### Action item
Look for the line with "Reloading UK Maintenance Plan" in the entries below, then extract that line and all lines after it exactly, with pictures left out.

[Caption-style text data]
━━━━━━━━━━

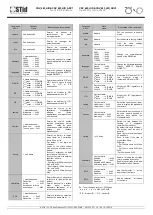 Preview for 3 page of Stid CNV 485 HID Operating Instructions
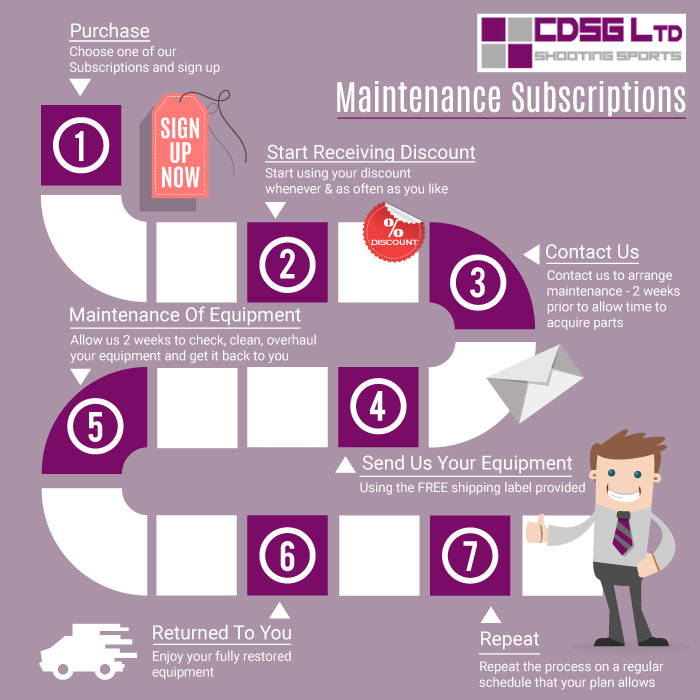 Reloading UK Maintenance Plan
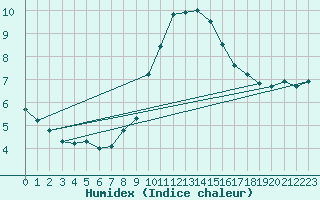 Courbe de l'humidex pour Narbonne-Ouest (11)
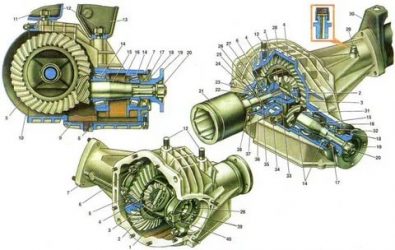 Регулировка редуктора заднего моста нива шевроле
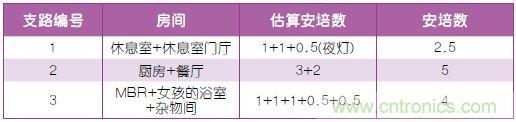 表2：布線規劃。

━━━━━━━━━━

### Finished exercise
 Reloading UK Maintenance Plan
 Courbe de l'humidex pour Narbonne-Ouest (11)
 Регулировка редуктора заднего моста нива шевроле
 表2：布線規劃。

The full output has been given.